Without including any pictures, retype exactly the lines from the top of the records through the line containing "Close-up of Remington", that final line included.
[[ Provided records open ]]
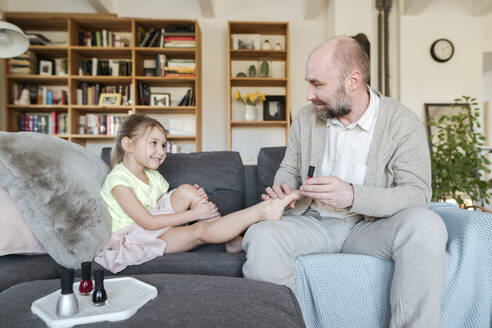 Vater lackiert die Zehennägel seiner Tochter mit rotem Nagellack auf der Couch im Wohnzimmer - VYF00089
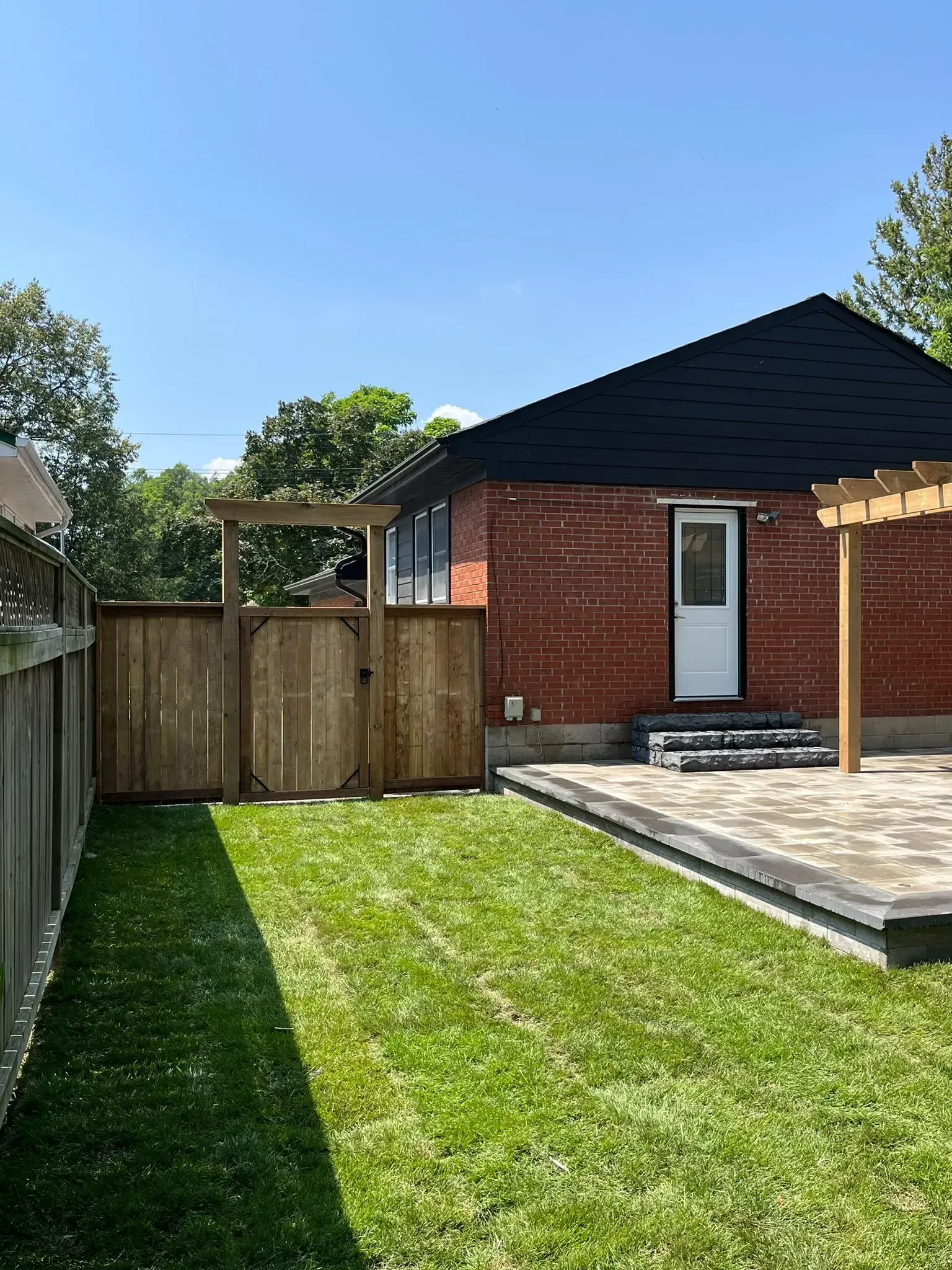 Backyard with a brick house, wooden fence, grass, and patio on a sunny day.
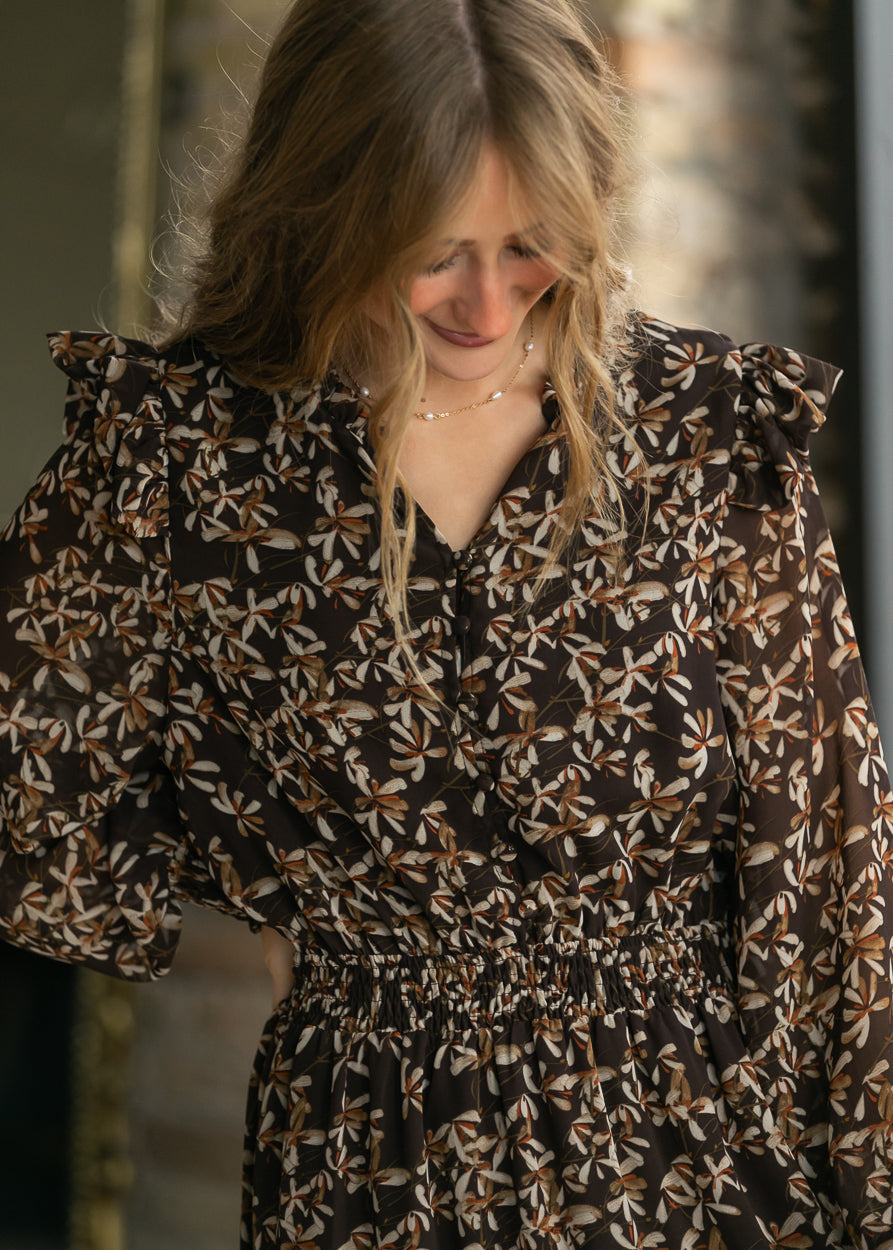 Close-up of Remington brown floral maxi dress showing the button neckline, floral print, and smocked waist.
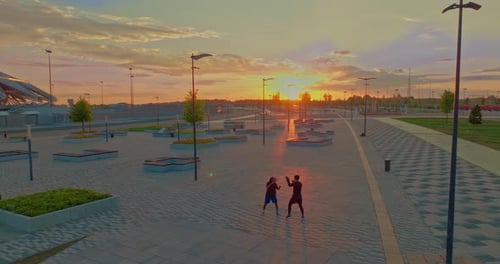 Boxing Training Outdoors in City of Two Men in Beautiful Sunset Time View From Copter Prores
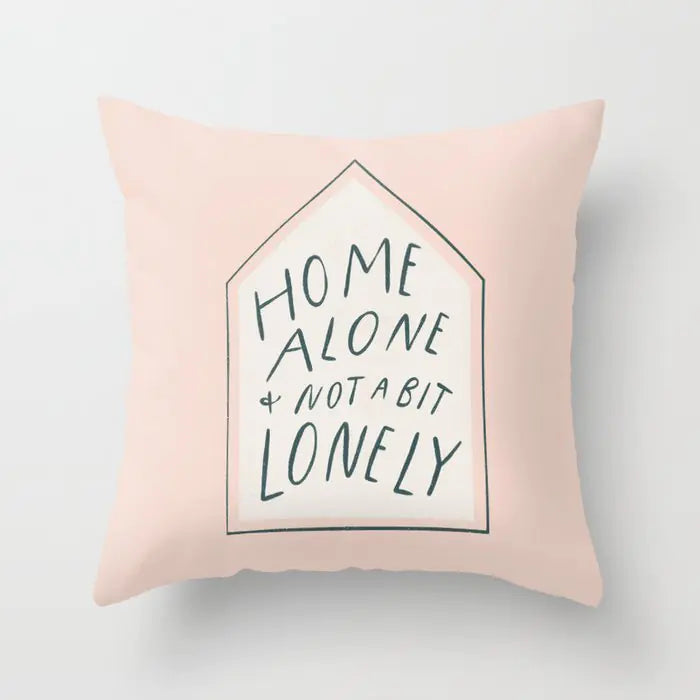 Pink pillow with text 'Home alone & not a bit lonely' on a light gray background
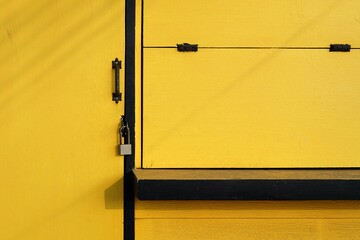 A wooden yellow door with a padlock for background and texture, design small shop concepts. 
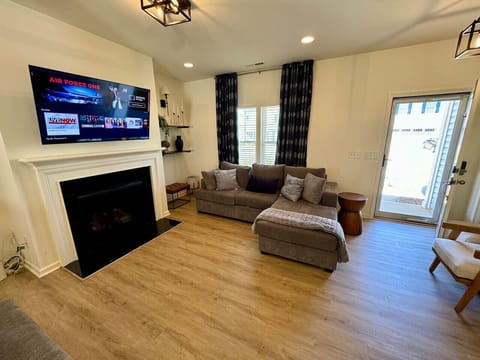 Modern living room with a sectional sofa, fireplace, mounted TV, floating shelves, and patio access.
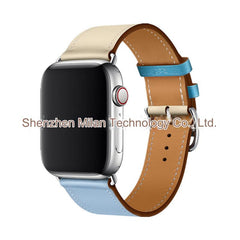 Model wearing Apple Watch with leather band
[[ Provided records closed ]]
--- Response box ---
 Vater lackiert die Zehennägel seiner Tochter mit rotem Nagellack auf der Couch im Wohnzimmer - VYF00089
 Backyard with a brick house, wooden fence, grass, and patio on a sunny day.
 Close-up of Remington brown floral maxi dress showing the button neckline, floral print, and smocked waist.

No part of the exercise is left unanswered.